## YOUR TASK
Reprint all of the data below exactly as shown and skip every image.

COLLECTED DATA START

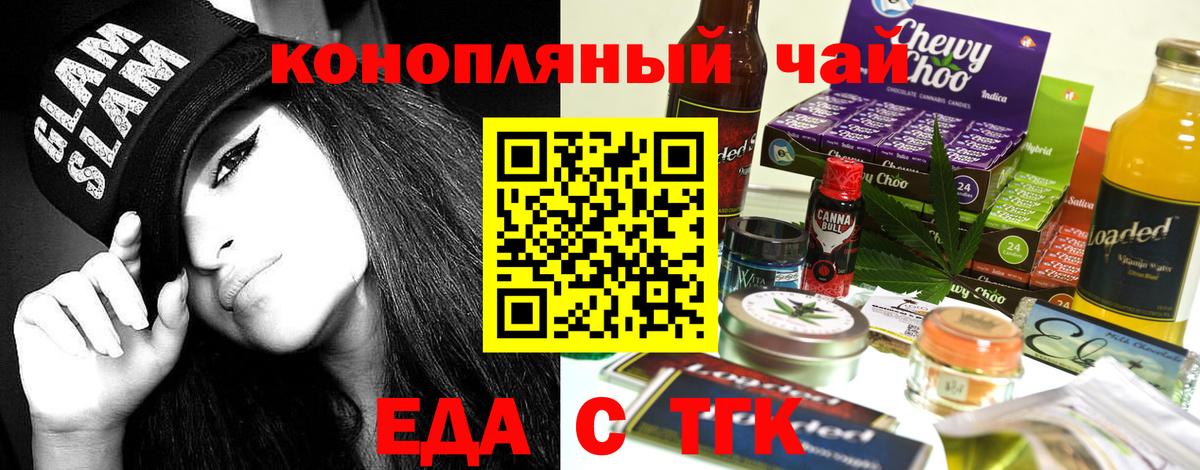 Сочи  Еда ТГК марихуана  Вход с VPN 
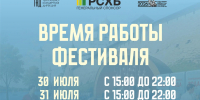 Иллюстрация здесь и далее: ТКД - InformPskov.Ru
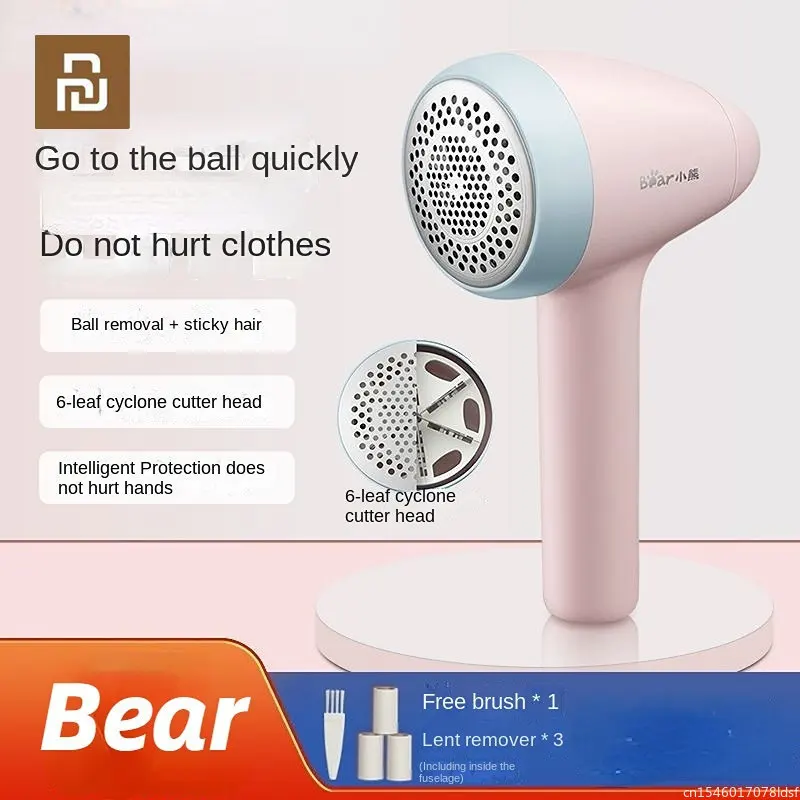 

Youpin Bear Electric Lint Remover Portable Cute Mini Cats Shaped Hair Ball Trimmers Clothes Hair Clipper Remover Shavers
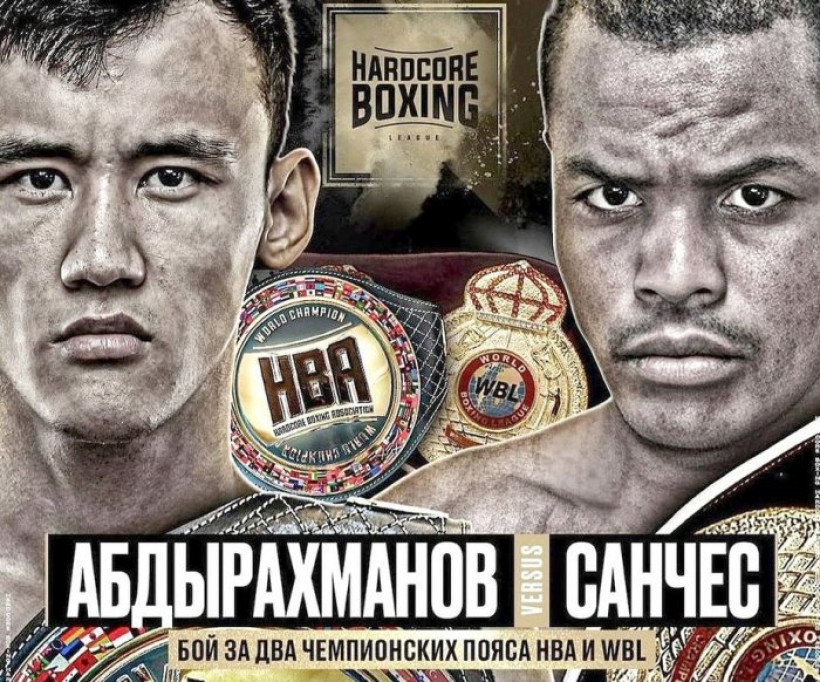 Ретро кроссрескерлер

COLLECTED DATA END

## RESPONSE BOX
 Сочи  Еда ТГК марихуана  Вход с VPN 
 Иллюстрация здесь и далее: ТКД - InformPskov.Ru

Youpin Bear Electric Lint Remover Portable Cute Mini Cats Shaped Hair Ball Trimmers Clothes Hair Clipper Remover Shavers
 Ретро кроссрескерлер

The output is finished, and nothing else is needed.